### Your goal
From the line containing "Подробнее о Triangle" down to the line containing "acli tiepolo", copy out the entries below exactly, both lines included, and nothing else; pictures do not belong in the copy.

### Extracted material
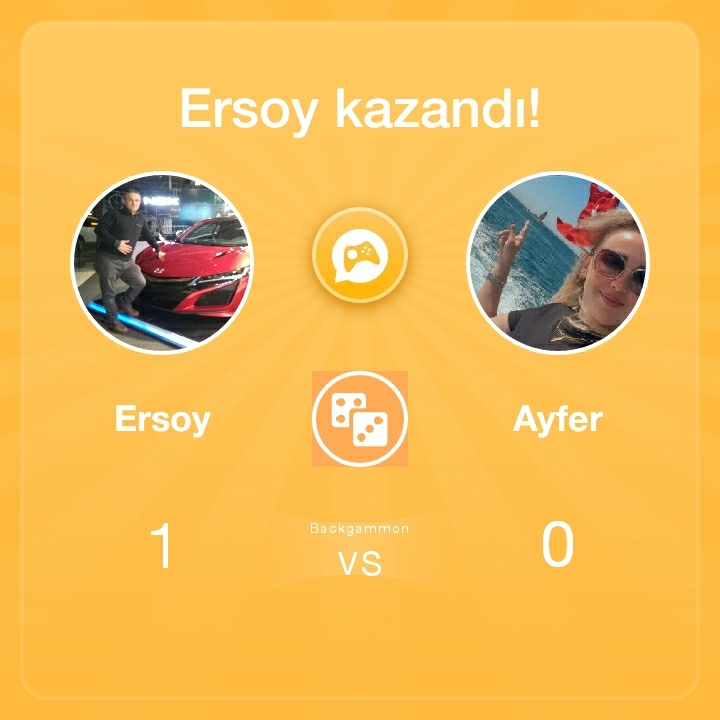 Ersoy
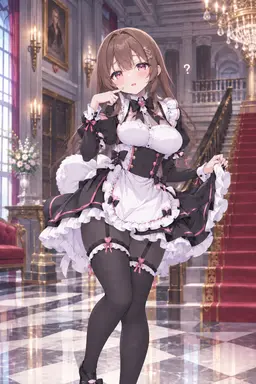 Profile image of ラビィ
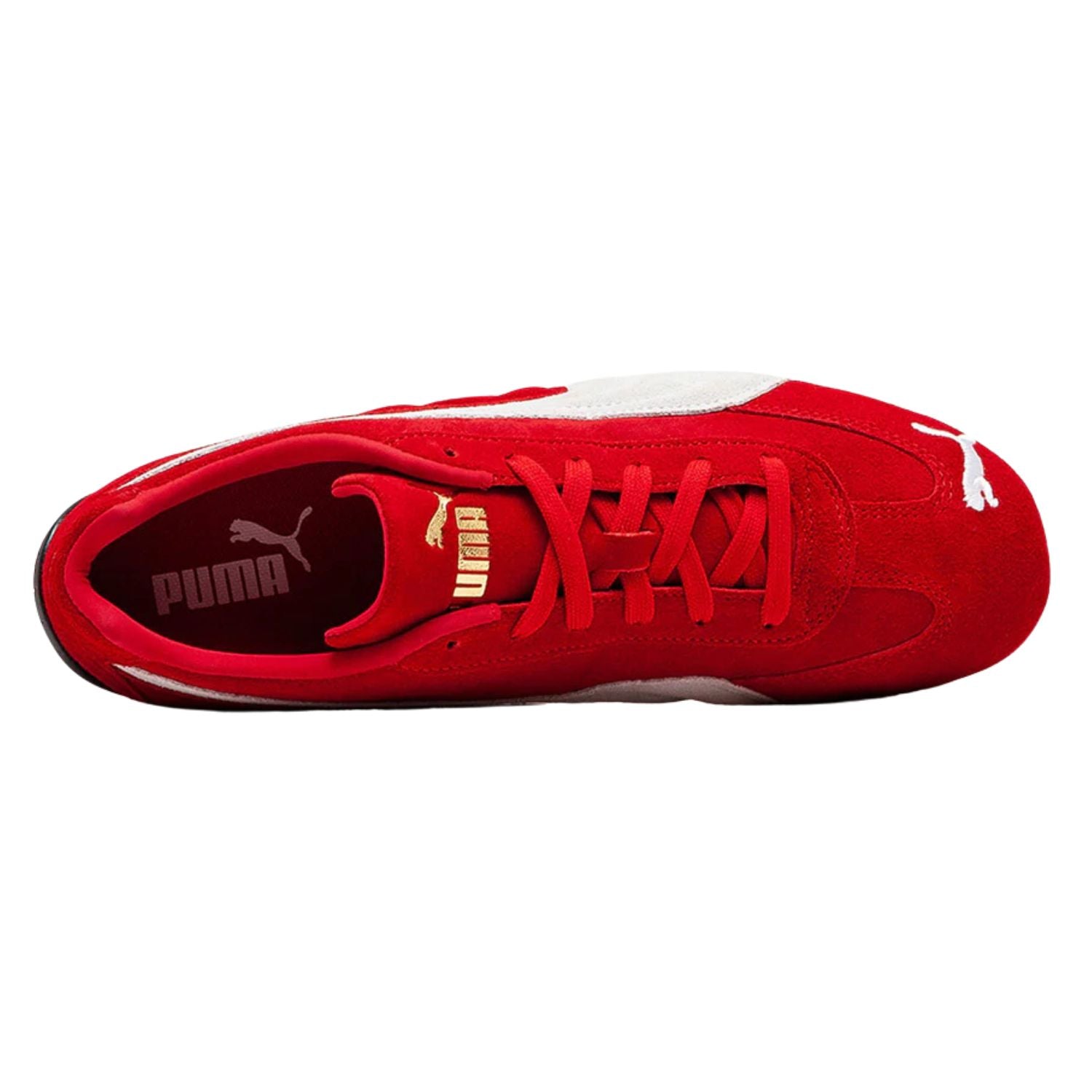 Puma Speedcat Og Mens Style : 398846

==

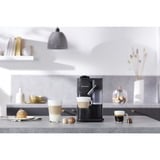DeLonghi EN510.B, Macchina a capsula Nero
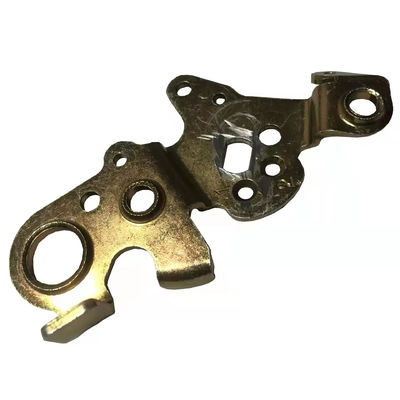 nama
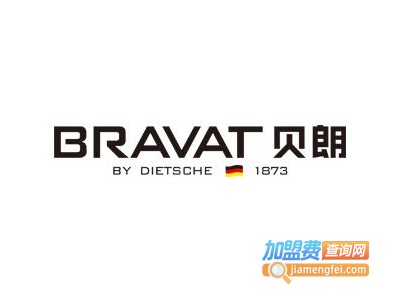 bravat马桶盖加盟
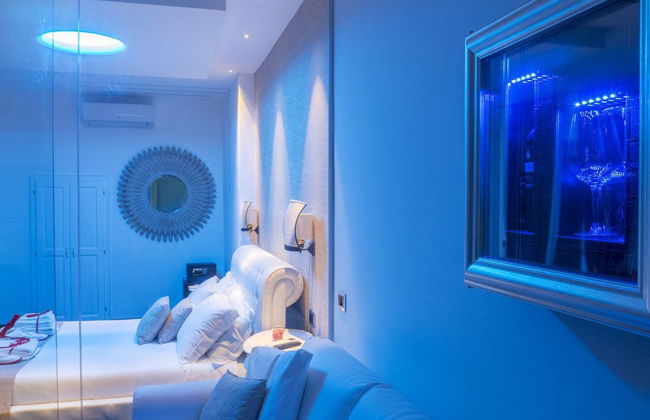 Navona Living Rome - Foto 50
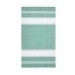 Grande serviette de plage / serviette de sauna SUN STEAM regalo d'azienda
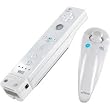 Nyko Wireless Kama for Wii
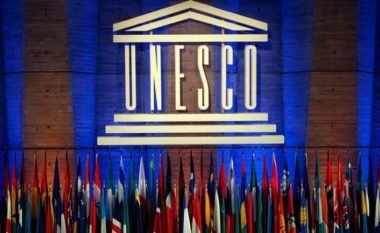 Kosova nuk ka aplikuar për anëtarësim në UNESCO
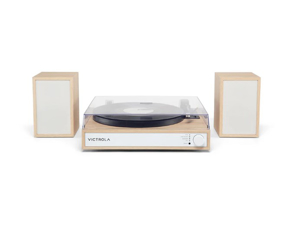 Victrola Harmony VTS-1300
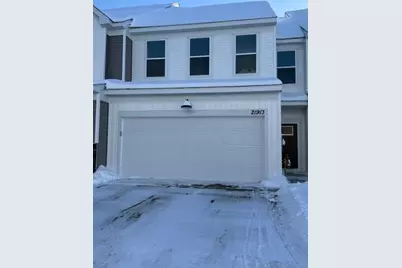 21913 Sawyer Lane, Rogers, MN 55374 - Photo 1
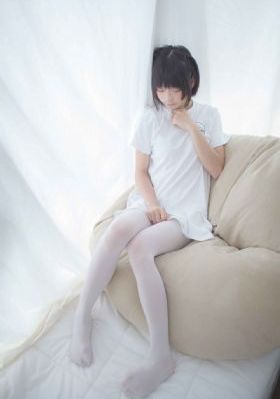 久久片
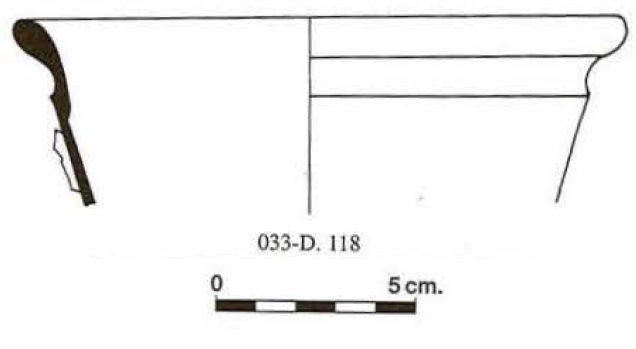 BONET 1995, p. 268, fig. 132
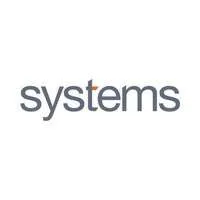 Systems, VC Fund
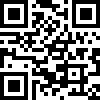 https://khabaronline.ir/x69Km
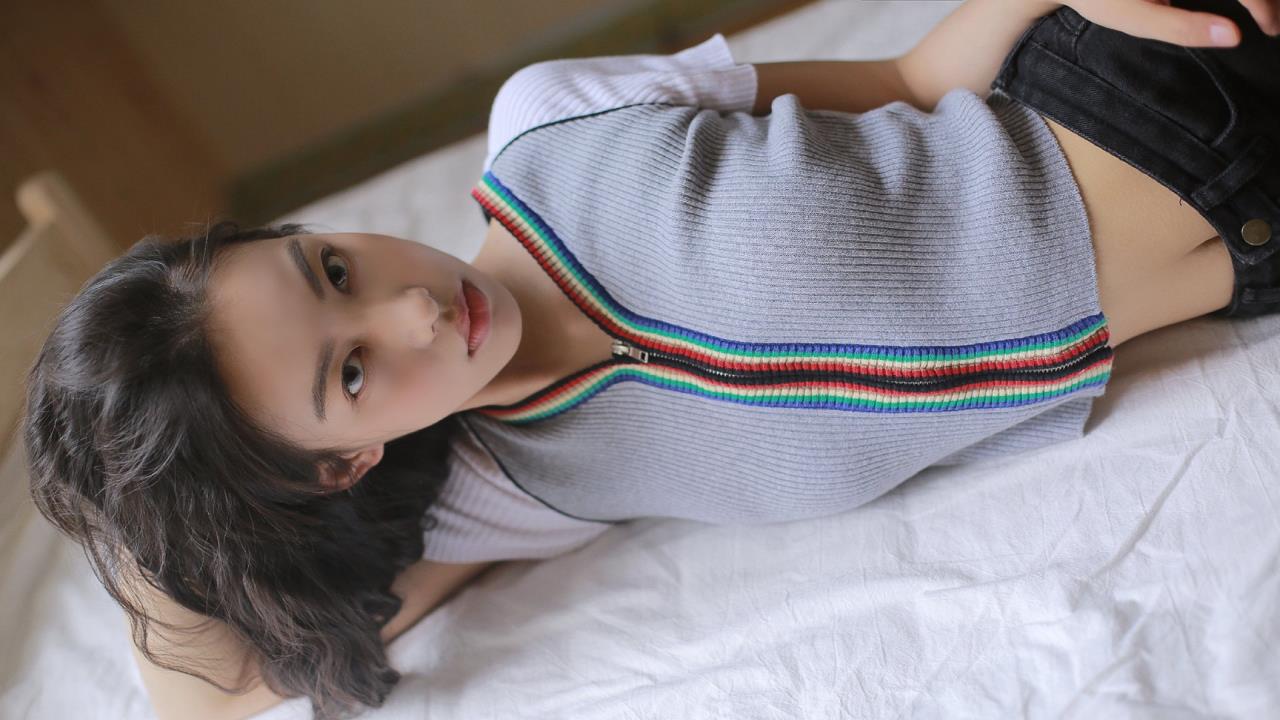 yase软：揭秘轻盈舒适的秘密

* * *

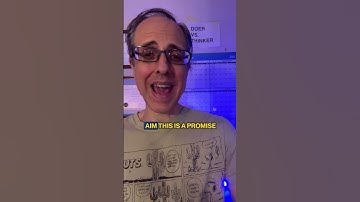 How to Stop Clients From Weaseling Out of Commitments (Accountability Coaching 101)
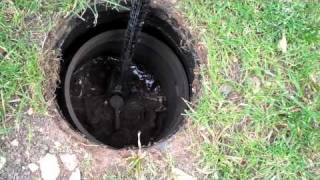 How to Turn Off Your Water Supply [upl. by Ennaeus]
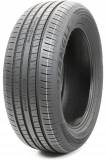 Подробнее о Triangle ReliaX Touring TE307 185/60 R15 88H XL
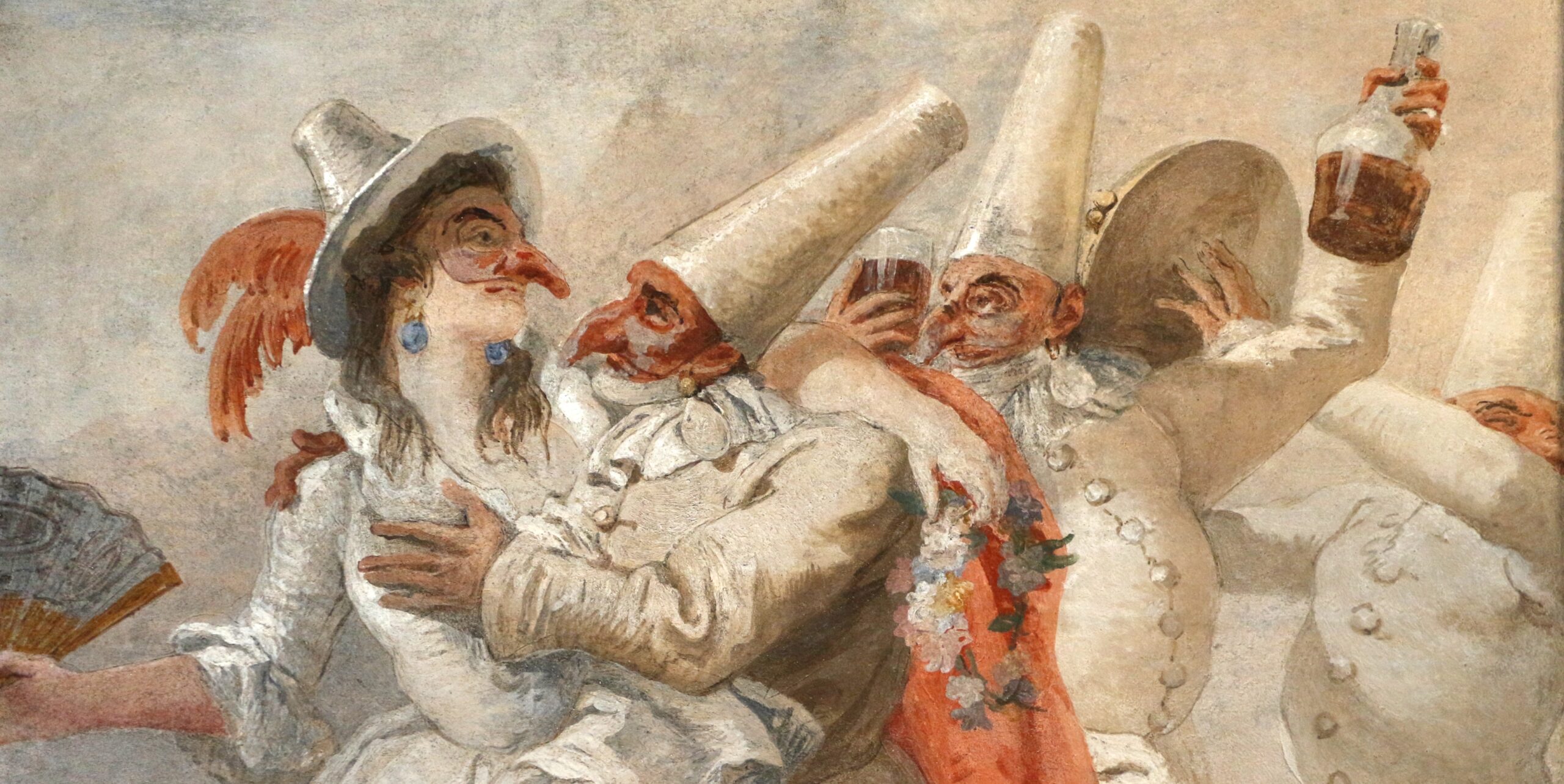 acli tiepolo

### Task output
 Подробнее о Triangle ReliaX Touring TE307 185/60 R15 88H XL
 acli tiepolo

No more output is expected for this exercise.